“It’s burnt down,” said Christian, hurriedly. Something in her face checked Larry’s exclamation. In Ireland people learn to be silent on a very imperceptible hint.
The farmers moved away. Said Michael Donovan in a low voice to John Kearney:
“Will she go back, d’ye think?”
“I d’no. Har’ly, I think!”
“It’d be a pity anything’d happen her. She’s a lovely girl to ride!”
“You may say that, Michael! The father gave her the sate, but it was the Lord Almighty gave her the hands!” said old Kearney, devoutly.
“Maybe He’ll mind her, so!” responded Michael Donovan, without irreverence.
The shifting of responsibility brought some ease of mind.
“God grant it!” said John Kearney.
Christian was ordinarily possessed of an innate reasonableness that responded to reason, but fear was not in her, and an appeal to reason was least potent with her when she was in the saddle. The veiled hints of danger, by which from, Evans onwards, she had been beset, only woke the spirit of revolt that slept in her but little less lightly than it had slept in her childhood, and were as fuel on the flame the run had kindled.
“Larry,” she said, with a light in her eyes, and a flush in her cheeks, “do you think I ought to go back?”
“Go back? Why should you?”
Larry, having received a hasty sketch of the position, gave his advice with all the assurance of complete ignorance. “Your father has the sporting rights—anyhow, I don’t believe they’ll stop you. Irishmen are—”

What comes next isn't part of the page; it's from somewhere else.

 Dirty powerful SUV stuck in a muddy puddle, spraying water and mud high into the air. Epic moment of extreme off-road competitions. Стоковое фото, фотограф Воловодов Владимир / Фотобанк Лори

Dissertation as to what Irishmen were or were not, attractive though it was to a young man who knew nothing of the subject, was checked by the success of Bill Kirby’s cast ahead. Half way across the big field, the hounds, who had been industriously spreading themselves, and examining blades of grass and fronds of bracken with the intentness of botanists, came, with a sudden rush, to a deep note from old Bellman, and, as suddenly, broke into full-cry, with the unanimity of an orchestra when the baton comes down. They headed for “Carmody’s bounds,” and were over that solid barrier, and running hard across the succeeding field, before most of the riders had realised what had happened. The bounds fence was an honest jump—big, but safe. Nancy, at the heels of the bay horse, came up on to it with a perfection that banished all other thoughts from Christian’s mind. On the landing side, under the bank, was a strong-running stream, and two or three of the horses, at sight of it, checked on the wide top of the bank, and tried to turn. Not so Nancy. It was enough for her that her father by adoption had not hesitated. She slid her forefeet a little way down the grassy side and went out over the water as if the bank had been a springboard. It was only then, at the gorgeous moment of successful landing, that Christian was aware of a young man running towards the riders, bawling, and demonstrating with something that might be a gun.